Because it can processes 2 x 1920x1080 25 FPS: https://github.com/AlexeyAB/darknet/issues/1232#issuecomment-405565193
On another thread, I noticed a comparison these 2 GPUs but for multiple live streams, so some parallelism was also coming into play in that case.
Single Yolo model can occupy ~95% of GPU - if you use this repository, OPENCV=1 CUDNN=1, and modern CPU. There can be a bottleneck only on a CPU-side (video decompressing, resizing, saving) if you use other repo or slow CPU.
Titan V is required if you want to achive about ~90 FPS on 1920x1080 video and 416x416 network size.
Thanks, @AlexeyAB !
How do the performance requirements vary w/ increase in network size?
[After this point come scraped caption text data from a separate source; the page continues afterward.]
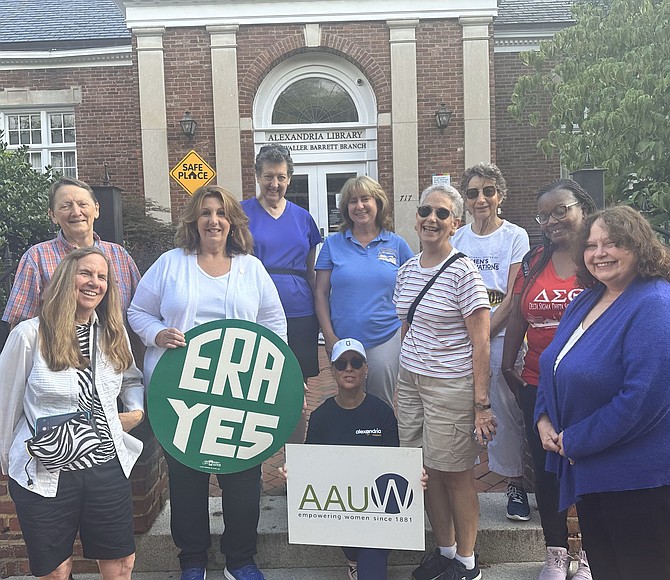 Photo by Janet Barnett/Gazette PacketALEXANDRIA CELEBRATES WOMEN – Gayle Converse, kneeling center, poses for a photo with supporters prior to starting a 133-mile walk to Richmond to bring awareness to women’s rights. Converse began her walk at the Kate Waller Barrett Branch library with plans to arrive at the Virginia Women’s Memorial in Richmond by Aug. 26 – Women’s Equality Day.  www.alexandriacelebrateswomen.com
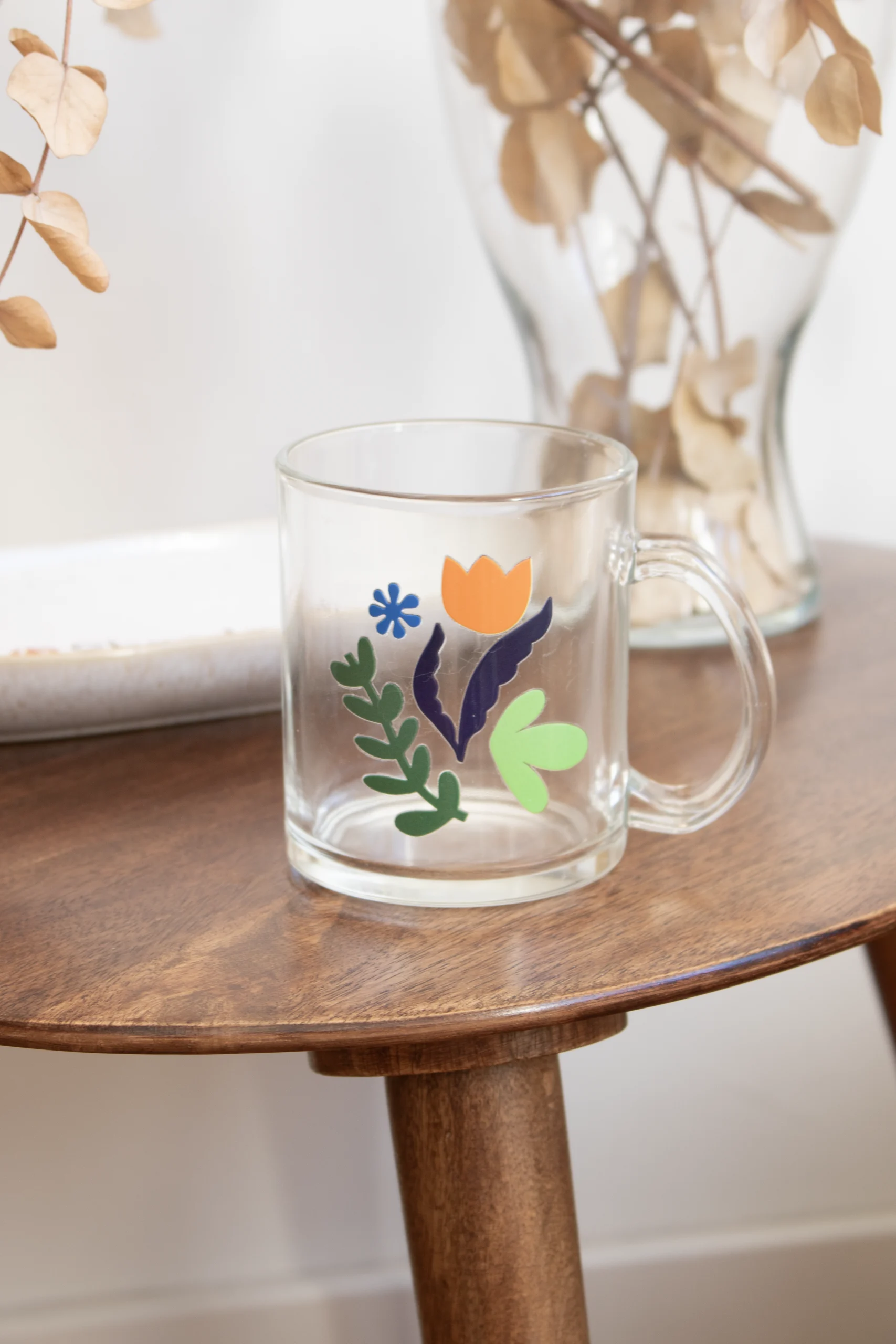 Taza de cristal con asa personalizada sobre una mesa de madera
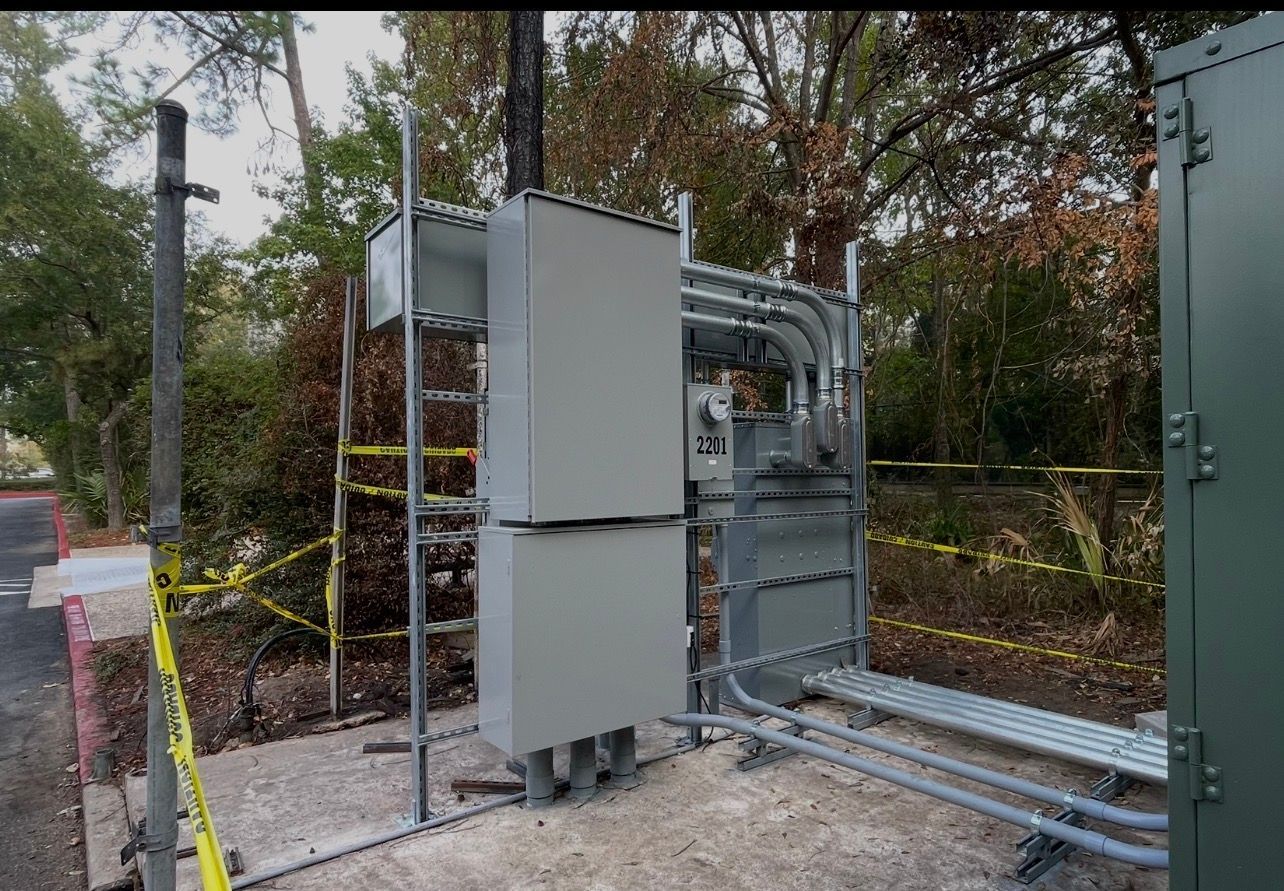 Gray electrical boxes and conduit outside, next to trees. Yellow caution tape in foreground.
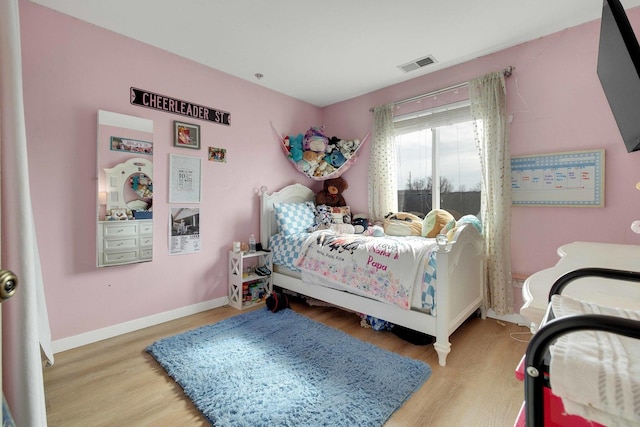 bedroom with light wood-style flooring, visible vents, and baseboards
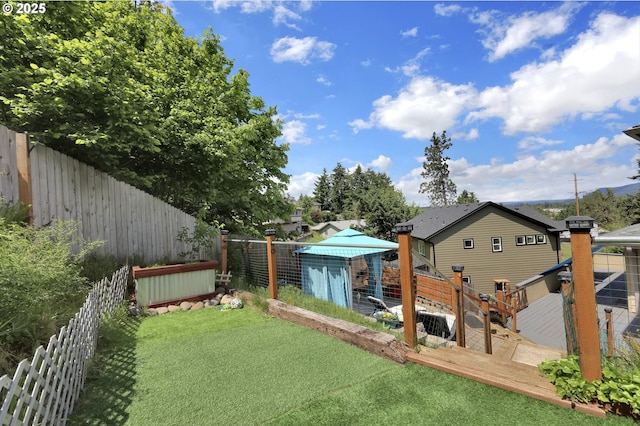 fenced backyard featuring exterior structure, an outdoor structure, and a deck
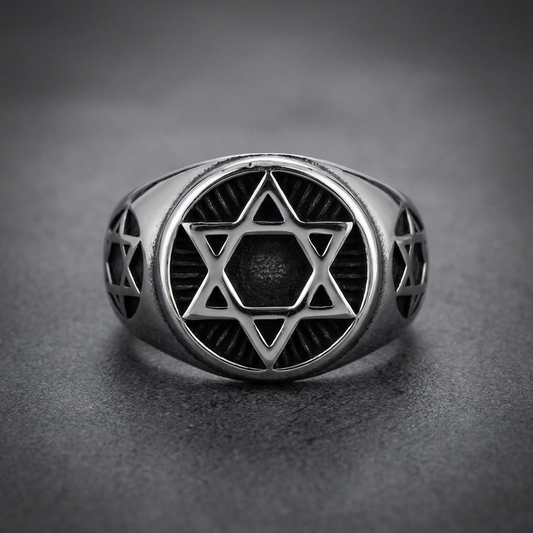 Stoic Hexagram Ring, 316L stainless steel with a prominent hexagram symbol in the center, flanked by smaller hexagrams on the band. Silver-colored, dark recesses.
We may need a bigger network size to allow for better smaller object detection in our dataset.
P.S: @kmsravindra
How do the performance requirements vary w/ increase in network size?
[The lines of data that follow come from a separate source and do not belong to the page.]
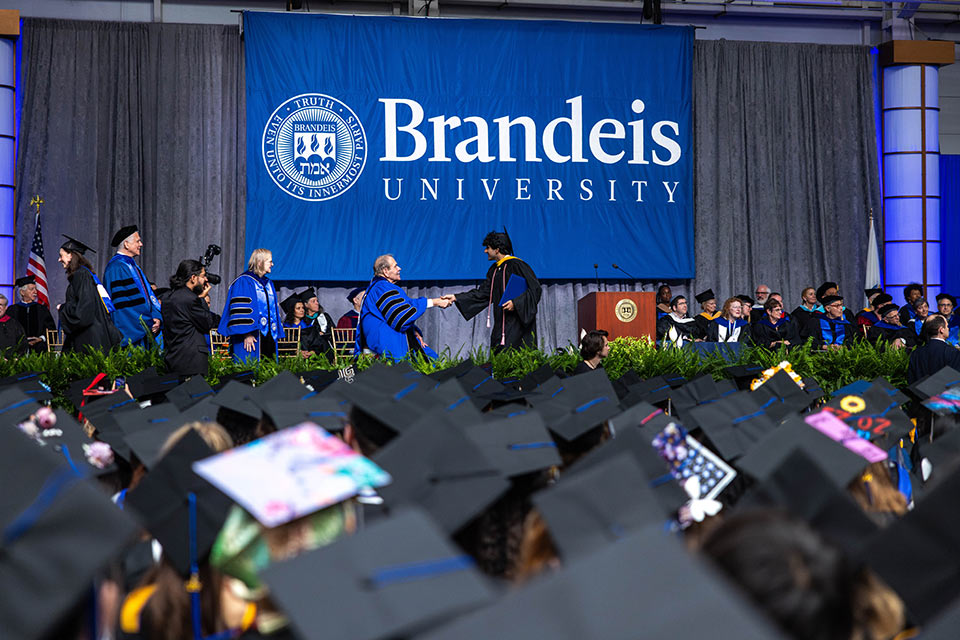 A student walks the stage during Commencement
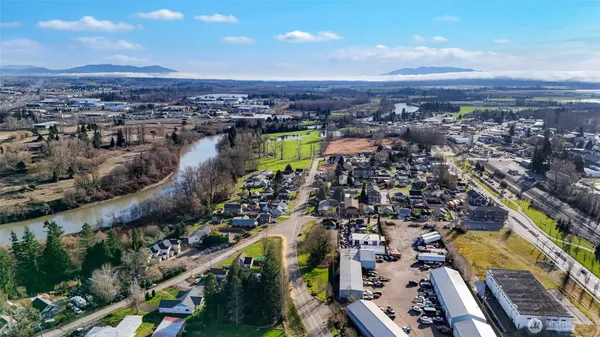 an aerial view of a house with a yard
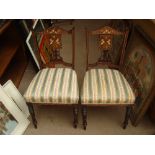 A pair of inlaid Edwardian side chairs.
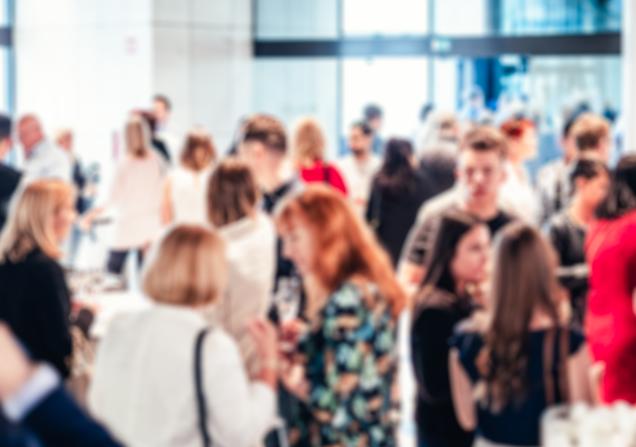 Blurred image of businesspeople at coffee break at conference meeting. Image by Matej Kastelic via Shutterstock.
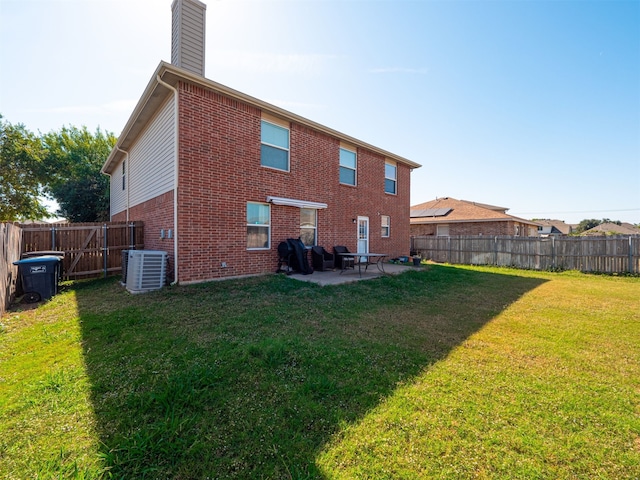 rear view of house with a patio, central AC, and a lawn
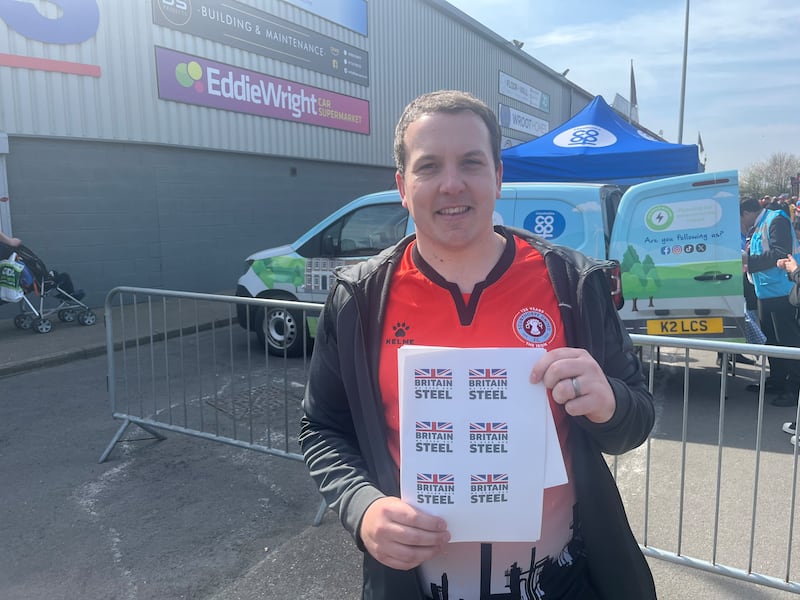 Matthew Cook, a Community Union worker, hands out stickers in support of the steelworkers before Scunthorpe's match with Spennymoor. Photograph: Mark Paul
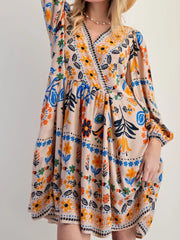 Bohemian Floral Print Long Sleeve Mini Dress with Pockets.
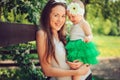 Spring portrait of mother and baby daughter playing outdoor in matching outfit - long skirts and shirts Royalty Free Stock Photo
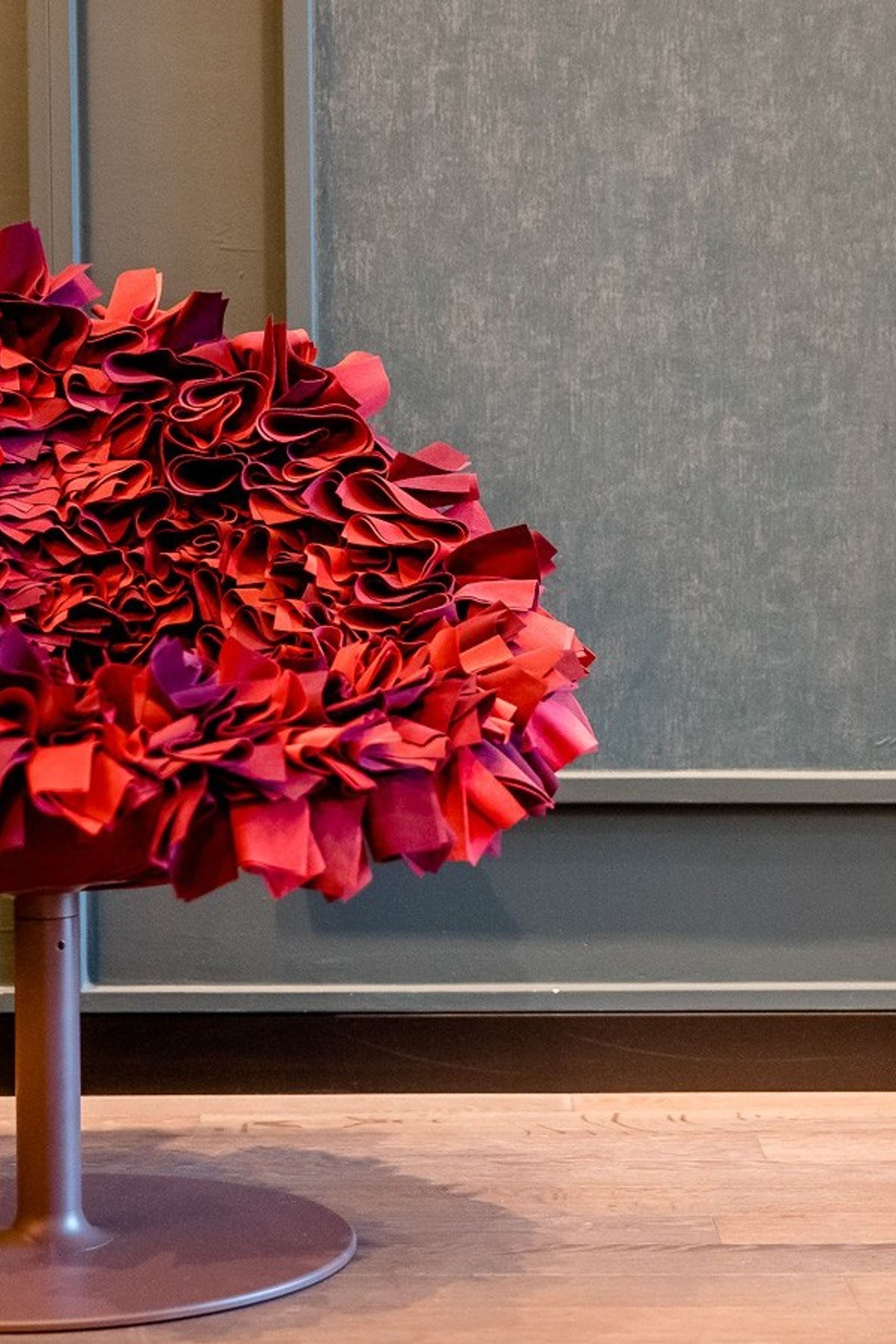 Motel One roter Design Sessel mit auffälligem, wellenförmigem Polsterdesign in einem stilvollen, ruhigen Raum mit Holzboden und grüner Wand, der einen außergewöhnlichen Sitzkomfort und kreatives Ambiente vermittelt.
performance requirements linearly proportional to the product of numbers network_width x network_height
@Alexeyab, Just to confirm, we plan to use 832 x 480 network size whose product is 2.3 times bigger than 416x416. So can we approx assume 50/2.3 = 21.7Fps for this network size for 1080Ti?
Also, from your other thread I am assuming yolov2-light - yolov3 would be 1.3 times faster @ 1% mAP trade-off. So, hence using this lighter yolov3 should pump it up to 21.7 *1.3 = approx 28 FPS?
@kmsravindra In general yes.
So can we approx assume 50/2.3 = 21.7Fps for this network size for 1080Ti?
Yes. But this is only the assumption, that GTX 1080Ti will have about 50 FPS on yolov3 416x416, since I didn't test it on GTX 1080Ti.
From the other hand, I got only 32 FPS
on Tesla V100 (~Titan V) without Tensor Cores, and 90 FPS
on Tesla V100 (Titan V) with Tensor Cores, so may be there is somewhere a bottleneck on GPU, so GPU usage can be less than 90% without Tensor Cores: https://github.com/AlexeyAB/darknet/issues/407
Also, from your other thread I am assuming yolov2-light - yolov3 would be 1.3 times faster @ 1% mAP trade-off. So, hence using this lighter yolov3 should pump it up to 21.7 *1.3 = approx 28 FPS?
To do this, you should use -quantized
flag at the end of command, and you should use this input_callibration=
param in your cfg-file: https://github.com/AlexeyAB/yolo2_light/blob/29905072f194ee86fdeed6ff2d12fed818712411/bin/yolov3.cfg#L25
Thanks for the info @AlexeyAB
We intend to do some real-time inference on a single HD resolution video stream at around 50fps. I am trying to spec. out GPUs for the system deployed onsite that will be used to do the inference and re-rendering of video with detected objects.
Would GTX 1080Ti be able to keep up or would I need to pick Titan V? Degradation of the output frame rate to 30 fps or so might be acceptable as this is a prototype to be used for demonstrations.
On another thread, I noticed a comparison these 2 GPUs but for multiple live streams, so some parallelism was also coming into play in that case.
Any recommendations/pointers are appreciated.
Best, Vineet
P.S: Copying @kmsravindra as he is collaborating w/ me on this project.